[What you need to do] Your answer must be an exact copy of the lines below, from the first through the one with "Louis Vuitton Monogram", with no pictures.

[Collected data]
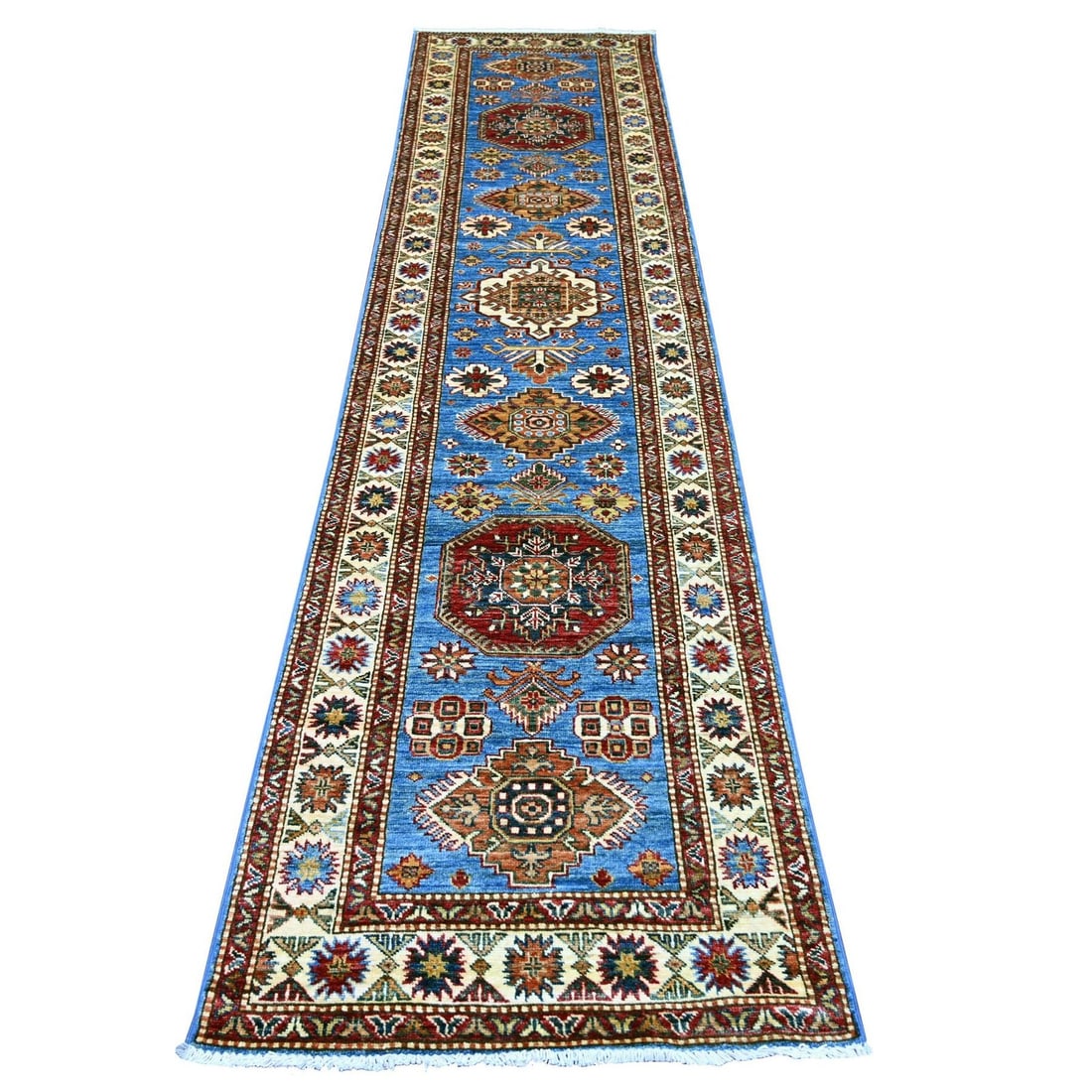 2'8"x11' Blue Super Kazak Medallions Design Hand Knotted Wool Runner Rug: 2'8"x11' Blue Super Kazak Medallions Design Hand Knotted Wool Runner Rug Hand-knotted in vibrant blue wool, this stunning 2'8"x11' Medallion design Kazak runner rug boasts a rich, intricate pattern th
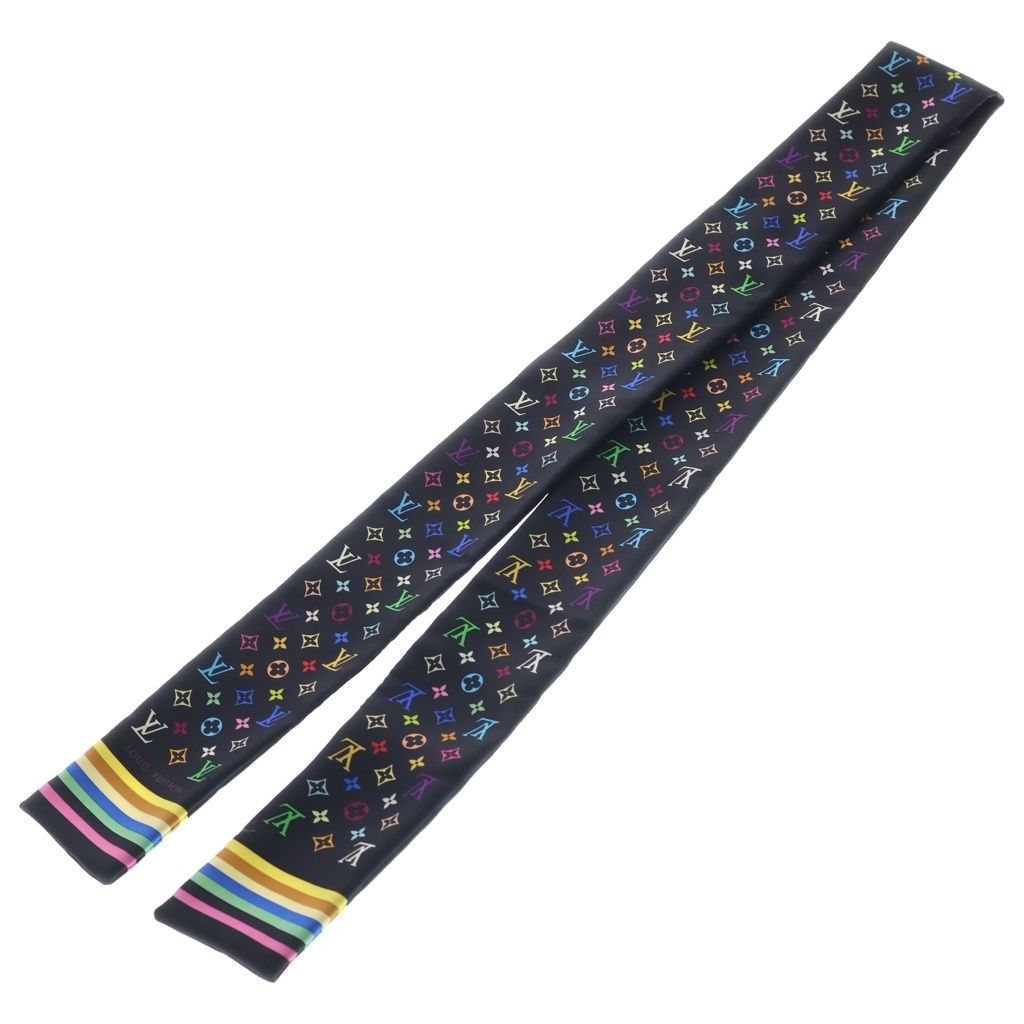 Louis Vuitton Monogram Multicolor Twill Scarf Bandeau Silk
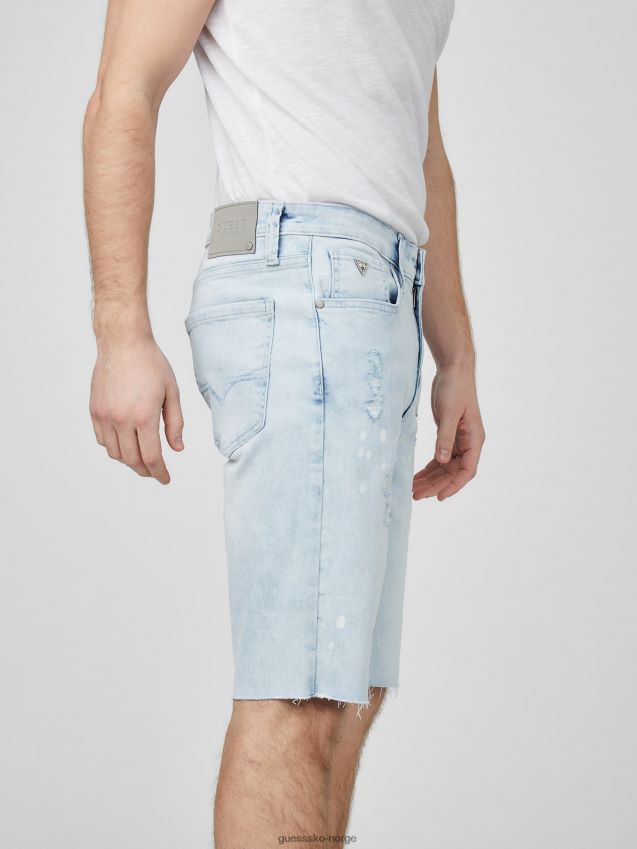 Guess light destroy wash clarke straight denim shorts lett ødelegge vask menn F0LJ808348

[Completed exercise]
 2'8"x11' Blue Super Kazak Medallions Design Hand Knotted Wool Runner Rug: 2'8"x11' Blue Super Kazak Medallions Design Hand Knotted Wool Runner Rug Hand-knotted in vibrant blue wool, this stunning 2'8"x11' Medallion design Kazak runner rug boasts a rich, intricate pattern th
 Louis Vuitton Monogram Multicolor Twill Scarf Bandeau Silk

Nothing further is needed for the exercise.